Cumhurbaşkanı ve AK Parti Genel Başkanı Recep Tayyip Erdoğan, "Kendilerini, halkı üzerinde gören bu kesim, diğer alanlarla birlikte siyasette de hep hak etmediği bir gücü kullanmanın peşinde olmuştur. Darbelerin ve cuntaların gerisinde işte bu anlayış vardır. Milletten alamadıkları yetkiye, tehditle, baskıyla, zulümle, gerektiğinde doğrudan can alarak sahip olmaya çalışan bu zihniyetin kalıntılarına hala rastlıyoruz." dedi. 

Cumhurbaşkanı Erdoğan, Taksim Meydanı'nda düzenlenen Geleneksel Beyoğlu İftarı'nda yaptığı konuşmada, 6 hafta boyunca millete hakikatleri anlatacaklarını ve tercihlerin en doğru, seçimlerin de en sağlıklı şekilde yapılmasını sağlayacaklarını söyledi.

Seçimin yenilenme kararının tamamını, okuma, anlama, değerlendirme zahmetine bile girmeden, bu konuda büyük büyük laflar edenlerin sözlerini, sandıkta yutturmanın herkesin boynunun borcu olduğunu ifade eden Erdoğan, "Geçmişte bu konuda çok mahcup olan oldu. Affınıza sığınarak söylüyorum; Taksim'de anırmaktan koltuğunu bırakmaya kadar nice büyük laflar edenlerin hepsi de sözlerinin üzerine yattı. İnşallah bu defa da öyle olacaktır." diye konuştu.
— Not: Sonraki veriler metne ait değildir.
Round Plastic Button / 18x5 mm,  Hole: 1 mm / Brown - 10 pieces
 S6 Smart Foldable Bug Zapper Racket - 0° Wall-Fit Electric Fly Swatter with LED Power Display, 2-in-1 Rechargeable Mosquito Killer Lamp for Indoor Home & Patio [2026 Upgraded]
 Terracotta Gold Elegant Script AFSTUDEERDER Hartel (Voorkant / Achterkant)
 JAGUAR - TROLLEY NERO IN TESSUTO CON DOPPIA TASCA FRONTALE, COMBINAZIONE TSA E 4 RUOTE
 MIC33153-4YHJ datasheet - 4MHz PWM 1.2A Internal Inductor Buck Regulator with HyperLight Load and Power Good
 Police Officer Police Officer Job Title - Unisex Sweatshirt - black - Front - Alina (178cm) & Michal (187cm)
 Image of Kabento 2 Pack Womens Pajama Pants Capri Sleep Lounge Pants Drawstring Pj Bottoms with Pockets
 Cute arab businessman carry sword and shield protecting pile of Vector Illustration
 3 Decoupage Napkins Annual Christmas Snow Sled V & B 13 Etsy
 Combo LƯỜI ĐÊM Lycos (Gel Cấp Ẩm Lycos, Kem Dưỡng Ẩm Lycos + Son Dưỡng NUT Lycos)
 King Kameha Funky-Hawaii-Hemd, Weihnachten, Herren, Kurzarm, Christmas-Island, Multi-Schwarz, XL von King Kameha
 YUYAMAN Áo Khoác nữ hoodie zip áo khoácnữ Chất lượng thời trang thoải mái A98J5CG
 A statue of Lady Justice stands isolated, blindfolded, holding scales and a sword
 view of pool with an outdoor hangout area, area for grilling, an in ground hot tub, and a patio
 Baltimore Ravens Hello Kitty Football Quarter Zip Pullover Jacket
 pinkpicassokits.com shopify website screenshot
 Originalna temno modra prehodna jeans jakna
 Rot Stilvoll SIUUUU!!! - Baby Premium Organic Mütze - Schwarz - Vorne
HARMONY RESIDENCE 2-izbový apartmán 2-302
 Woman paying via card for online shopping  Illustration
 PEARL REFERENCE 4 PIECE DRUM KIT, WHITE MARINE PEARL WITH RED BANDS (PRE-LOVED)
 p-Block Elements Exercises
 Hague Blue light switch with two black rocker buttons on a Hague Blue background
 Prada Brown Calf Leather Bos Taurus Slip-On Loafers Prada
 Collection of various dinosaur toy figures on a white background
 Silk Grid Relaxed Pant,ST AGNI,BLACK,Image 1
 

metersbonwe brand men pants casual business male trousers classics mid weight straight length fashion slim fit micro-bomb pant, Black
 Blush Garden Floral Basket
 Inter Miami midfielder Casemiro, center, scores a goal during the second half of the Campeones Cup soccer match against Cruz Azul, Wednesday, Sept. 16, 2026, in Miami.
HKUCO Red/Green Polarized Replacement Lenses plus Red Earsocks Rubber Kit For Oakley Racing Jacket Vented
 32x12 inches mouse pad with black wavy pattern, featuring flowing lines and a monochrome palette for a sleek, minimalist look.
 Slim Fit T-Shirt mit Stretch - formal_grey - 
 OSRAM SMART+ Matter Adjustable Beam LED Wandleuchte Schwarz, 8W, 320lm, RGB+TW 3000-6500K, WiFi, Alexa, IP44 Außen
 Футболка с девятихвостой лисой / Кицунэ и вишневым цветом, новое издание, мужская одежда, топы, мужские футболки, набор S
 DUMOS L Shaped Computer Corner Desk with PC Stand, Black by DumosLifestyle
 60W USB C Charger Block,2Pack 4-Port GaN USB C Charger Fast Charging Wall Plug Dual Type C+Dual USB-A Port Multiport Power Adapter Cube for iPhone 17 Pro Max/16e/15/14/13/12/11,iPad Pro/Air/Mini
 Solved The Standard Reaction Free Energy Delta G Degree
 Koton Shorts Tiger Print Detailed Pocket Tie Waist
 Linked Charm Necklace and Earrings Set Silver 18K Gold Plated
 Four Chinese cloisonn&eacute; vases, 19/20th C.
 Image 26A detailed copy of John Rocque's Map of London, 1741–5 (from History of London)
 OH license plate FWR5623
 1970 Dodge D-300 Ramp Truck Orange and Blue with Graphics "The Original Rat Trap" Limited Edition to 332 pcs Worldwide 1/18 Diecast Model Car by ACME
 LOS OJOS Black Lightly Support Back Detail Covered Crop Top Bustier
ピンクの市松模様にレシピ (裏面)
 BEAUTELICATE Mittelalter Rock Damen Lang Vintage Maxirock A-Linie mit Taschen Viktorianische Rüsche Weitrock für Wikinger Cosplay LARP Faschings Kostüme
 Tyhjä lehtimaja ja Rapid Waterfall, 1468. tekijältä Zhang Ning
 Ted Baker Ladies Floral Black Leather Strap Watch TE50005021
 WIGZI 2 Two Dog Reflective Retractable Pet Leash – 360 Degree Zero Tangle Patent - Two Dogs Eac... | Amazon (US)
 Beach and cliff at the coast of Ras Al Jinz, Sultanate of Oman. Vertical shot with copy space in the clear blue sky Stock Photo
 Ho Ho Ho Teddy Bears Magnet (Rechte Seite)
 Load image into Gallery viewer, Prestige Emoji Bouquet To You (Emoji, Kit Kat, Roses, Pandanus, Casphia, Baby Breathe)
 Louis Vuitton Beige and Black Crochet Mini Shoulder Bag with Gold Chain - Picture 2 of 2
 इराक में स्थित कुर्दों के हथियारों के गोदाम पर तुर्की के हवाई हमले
Cumhurbaşkanı Recep Tayyip Erdoğan, Türkiye'nin demokrasi tarihinin en belirgin özelliğinin, küçük ama sesi çok çıkan, eli çok uzun, köşe başlarını tutmuş bir kesime karşı, milletin kahir ekseriyetinin hak arama mücadelesi olduğunu dile getirerek, sözlerine şöyle devam etti:

"Kendilerini, halkı üzerinde gören bu kesim, diğer alanlarla birlikte siyasette de hep hak etmediği bir gücü kullanmanın peşinde olmuştur. Darbelerin ve cuntaların gerisinde işte bu anlayış vardır. Milletten alamadıkları yetkiye, tehditle, baskıyla, zulümle, gerektiğinde doğrudan can alarak sahip olmaya çalışan bu zihniyetin kalıntılarına hala rastlıyoruz. Üstelik bunların sadece darbe çığırtkanlığı ve teşebbüsüyle kalmayıp, milletimizin büyük mücadeleler sonunda elde ettiği hak ve özgürlüklerini de ellerinden almaya çalıştıklarını görüyoruz. Çünkü bunların demokrasi yaldızını kazıdığınız zaman, altından katıksız bir despotizm, katıksız bir medeniyet düşmanlığı çıkar. Ülkemizi işte bu zihniyetin elinden tamamen kurtarmakta kararlıyız." 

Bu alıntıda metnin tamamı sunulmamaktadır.